**Task details**
Return, exactly as written, every line from the first line of the data below through the line that contains "austausch zur Planung".

**Materials provided**
= Beginning of Section =

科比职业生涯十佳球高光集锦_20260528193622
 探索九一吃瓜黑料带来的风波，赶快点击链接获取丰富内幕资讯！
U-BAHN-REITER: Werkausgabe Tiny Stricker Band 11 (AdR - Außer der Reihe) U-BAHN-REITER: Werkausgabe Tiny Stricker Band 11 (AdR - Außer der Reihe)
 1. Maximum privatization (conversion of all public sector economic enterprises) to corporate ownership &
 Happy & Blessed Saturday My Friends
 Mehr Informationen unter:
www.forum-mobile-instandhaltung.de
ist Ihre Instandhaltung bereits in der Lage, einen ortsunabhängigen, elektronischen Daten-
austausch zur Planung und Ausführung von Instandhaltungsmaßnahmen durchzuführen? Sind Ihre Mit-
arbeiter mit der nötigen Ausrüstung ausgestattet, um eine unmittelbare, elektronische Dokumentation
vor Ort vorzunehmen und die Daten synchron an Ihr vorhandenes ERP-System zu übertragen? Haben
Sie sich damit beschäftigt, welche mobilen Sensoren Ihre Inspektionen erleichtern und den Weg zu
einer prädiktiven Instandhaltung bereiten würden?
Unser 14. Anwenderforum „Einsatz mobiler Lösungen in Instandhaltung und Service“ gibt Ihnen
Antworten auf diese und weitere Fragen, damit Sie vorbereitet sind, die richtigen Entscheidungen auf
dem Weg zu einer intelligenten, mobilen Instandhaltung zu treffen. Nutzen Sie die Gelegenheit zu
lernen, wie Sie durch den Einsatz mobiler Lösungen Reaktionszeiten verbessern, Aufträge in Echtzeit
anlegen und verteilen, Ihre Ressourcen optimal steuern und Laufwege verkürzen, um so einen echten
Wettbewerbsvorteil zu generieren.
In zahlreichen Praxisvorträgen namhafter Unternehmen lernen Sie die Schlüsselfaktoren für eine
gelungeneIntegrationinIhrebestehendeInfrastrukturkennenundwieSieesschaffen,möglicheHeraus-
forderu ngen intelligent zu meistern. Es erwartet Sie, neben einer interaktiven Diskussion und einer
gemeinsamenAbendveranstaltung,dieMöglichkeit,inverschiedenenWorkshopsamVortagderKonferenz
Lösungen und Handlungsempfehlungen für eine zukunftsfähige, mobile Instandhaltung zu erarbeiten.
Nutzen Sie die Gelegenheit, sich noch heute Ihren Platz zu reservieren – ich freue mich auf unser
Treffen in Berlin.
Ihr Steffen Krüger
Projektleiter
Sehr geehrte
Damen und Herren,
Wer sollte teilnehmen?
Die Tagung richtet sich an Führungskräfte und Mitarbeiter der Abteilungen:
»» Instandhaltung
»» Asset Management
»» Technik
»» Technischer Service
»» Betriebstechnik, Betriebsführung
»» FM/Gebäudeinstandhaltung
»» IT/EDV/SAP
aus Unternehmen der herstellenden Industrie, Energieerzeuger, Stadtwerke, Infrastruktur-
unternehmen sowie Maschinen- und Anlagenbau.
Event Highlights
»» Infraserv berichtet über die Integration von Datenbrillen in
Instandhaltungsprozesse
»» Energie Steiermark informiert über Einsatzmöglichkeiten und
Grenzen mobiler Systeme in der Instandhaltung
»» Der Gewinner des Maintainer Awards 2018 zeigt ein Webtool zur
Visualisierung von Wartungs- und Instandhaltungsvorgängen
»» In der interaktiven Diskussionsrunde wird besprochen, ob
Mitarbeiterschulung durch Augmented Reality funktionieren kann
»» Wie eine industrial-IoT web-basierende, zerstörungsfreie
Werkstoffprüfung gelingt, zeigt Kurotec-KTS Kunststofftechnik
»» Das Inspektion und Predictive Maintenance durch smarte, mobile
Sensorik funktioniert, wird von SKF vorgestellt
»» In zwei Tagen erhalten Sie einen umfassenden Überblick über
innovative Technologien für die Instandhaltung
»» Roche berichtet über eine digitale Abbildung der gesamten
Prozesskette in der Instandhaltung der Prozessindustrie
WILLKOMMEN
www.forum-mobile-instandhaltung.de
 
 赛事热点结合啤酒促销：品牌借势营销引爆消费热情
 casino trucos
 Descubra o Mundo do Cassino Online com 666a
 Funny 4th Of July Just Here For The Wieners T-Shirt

= End of Section =

**Solution for this problem**
科比职业生涯十佳球高光集锦_20260528193622
 探索九一吃瓜黑料带来的风波，赶快点击链接获取丰富内幕资讯！
U-BAHN-REITER: Werkausgabe Tiny Stricker Band 11 (AdR - Außer der Reihe) U-BAHN-REITER: Werkausgabe Tiny Stricker Band 11 (AdR - Außer der Reihe)
 1. Maximum privatization (conversion of all public sector economic enterprises) to corporate ownership &
 Happy & Blessed Saturday My Friends
 Mehr Informationen unter:
www.forum-mobile-instandhaltung.de
ist Ihre Instandhaltung bereits in der Lage, einen ortsunabhängigen, elektronischen Daten-
austausch zur Planung und Ausführung von Instandhaltungsmaßnahmen durchzuführen? Sind Ihre Mit-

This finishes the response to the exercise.